PERFECT DAYSのはぐれのレビュー・感想・評価

PERFECT DAYS(2023年製作の映画)
4.4
東京国際映画祭にて。以前から日本とは深い関わりあいを持つヴィム・ヴェンダース監督がメガホンを取った現代の日本を舞台にした作品。

舞台挨拶でヴェンダースが「私には日本の魂がある」と仰っていたがまさにその通り!事前情報なく見せられたら日本人の監督が撮っているとしか思えないほど侘び寂びの精神が宿っている映画!しかもそれは彼が敬愛する小津映画の時代には確かにあった美徳であり時間の緩やかな流れであり風である。まさに俳句や短歌を思わせるような無駄を徹底的に省いた引き算の演出は何の雑味もない深い味わい。銀幕を眺めながら何度も泣きそうになってしまった…

しかしながら時折挿入されるサウンドトラックの使い方や選曲がいかにも彼らしいもので、「あ、そう言えばこの映画はヴェンダースが撮っているんだった」と不意に気付かされる。それもさらに涙腺を弱める一因になるよね(泣)

主演の役所広司が演じたトイレ清掃員の平山は令和の日本に舞い降りた天使。物語が進むにつれて同監督の代表作である『ベルリン 天使の詩』のブルーノ・ガルツと役所広司が重なって見えて仕方がなかった。寡黙な主人公が珍しく雄弁に語る「違う世界に住んでいる」という発言も俗世を離れた天上の住人だからこそ言えたセリフなのかも。

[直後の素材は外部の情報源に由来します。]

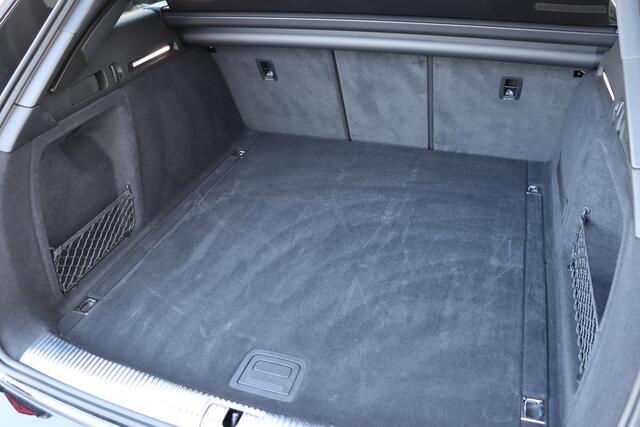 Audi A4 Avant 35 TFSI S edition | Pano | Leder | Memory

脇を固める石川さゆり、田中泯、三浦友和、皆さん素晴らしかった!特に今作がデビュー作となる主人公の姪っ子を演じた中野有沙。彼女が平山に引けを取らないくらいの天使的な存在で心が浄化された😇

長く暮らしていても殺伐とした街だなーとしか思わなかった東京だけど、ヴェンダースのフィルターを通すとこんなにも魅力的な街に映るんだ🥺。東京暮らしが長い人はマストで見た方いい映画!!